Yesterday Rin turned 18… I woke up remembering last year:
I woke up with Roo late in the morning. It was going to be a busy day for him meeting with the Marine recruiter and getting paperwork in order for him to formally enlist the following week. I reminded him we would be having cake and ice cream for his sister later that evening and the cake would be ready for him to decorate by about 4ish. One of the birthday traditions in our family has been for brother to decorate sister’s cake and vice versa. This has resulted in some great cakes – Roos’ eleventh birthday cake was filled with Polly Pockets on a fashion catwalk, Rin’s 17th birthday cake was filled with pocket knives and shotgun shells – they became more outlandish with the years.
I have pictures running through my head of Roo getting a kick out of putting his pocket knives blade first all over her cake… she appreciated his humor and the resulting very masculine cake. The year before he had used G.I. Joes to create a battle scene on her cake complete with fresh blackberries from the backyard used as fake blood. He had such an imagination…
Before serving the cake I removed all the “decorations” and set them on a plate to clean off later – I never got to it before the accident and now they are sitting on a windowsill in my bedroom forever covered in icing. I can’t bring myself to clean them off – he touched them and was grinning ear to ear putting them on the cake – he was happy and alive.
Rin is celebrating her 18th birthday in Hawai’i with her best friend. It was so hard for me to send her away all by herself on a plane, but I hope she creates some good memories for this first birthday without her brother. I hope she will learn to be able to look forward to her birthday someday.
How do you teach someone how to be a little sister with no big brother? How do you teach someone how to grieve? I don’t know. Becoming an adult is hard enough, how do you do it with a heart full of grief, regret, and pain from such a huge loss?

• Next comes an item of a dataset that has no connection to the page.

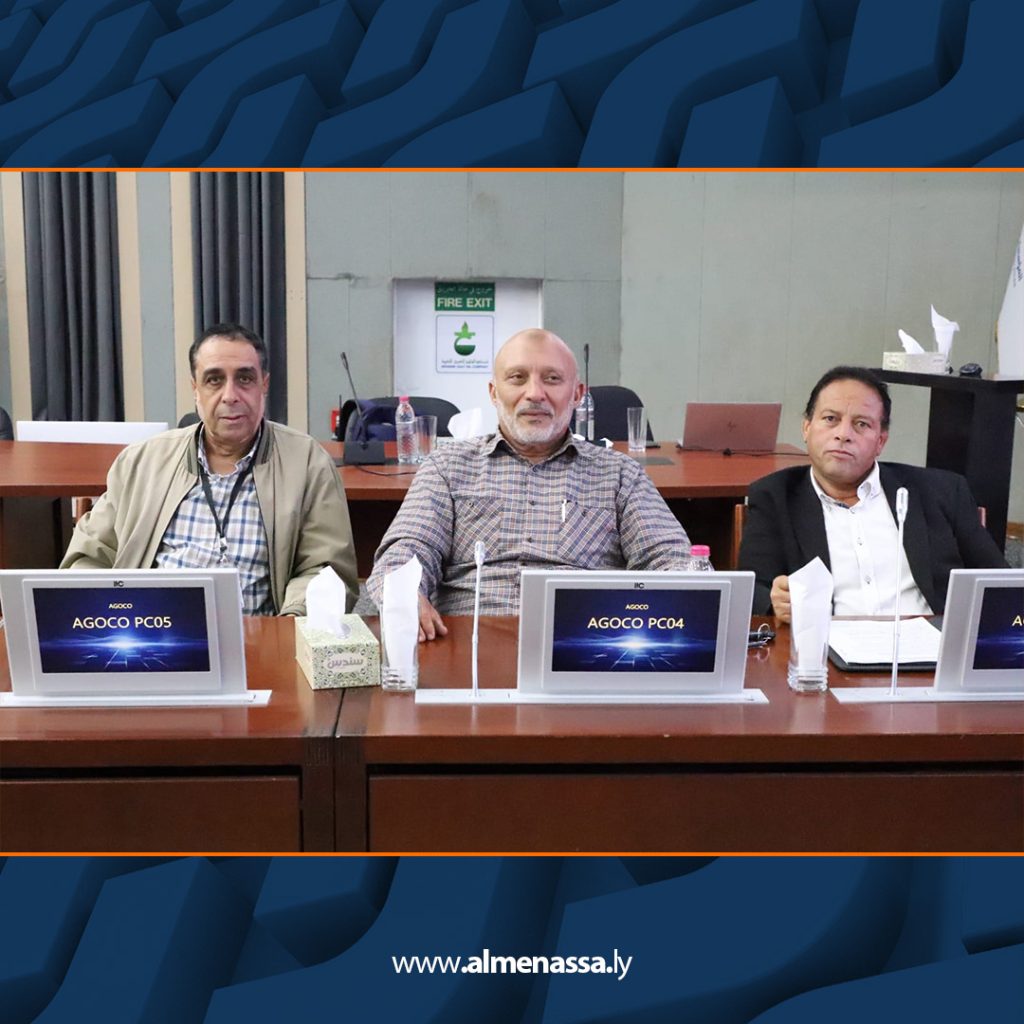 Extra 259 الخليج العربي تنظم ورشة لبحث الأصول المشتركة مع مؤسسة النفط وشركة  OMV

This last year was Rin’s senior year of high school and my senior year at University. I went back to earn a Bachelors in Sociology with a minor in Gerontology. It was the most difficult year for everyone. She graduated from a community college dual enrollment program with the high school. I am so proud of her for finishing. I walked, I have five incompletes to finish this summer. I can’t focus to finish my papers. It seems every time I try to concentrate on one of my subjects my mind moves to Roo. I feel like a hypocrite having told Rin how important it is to work on her studies and here I am pretending to study. The courses I need to finish just seem so trivial in comparison to the loss of my Roo.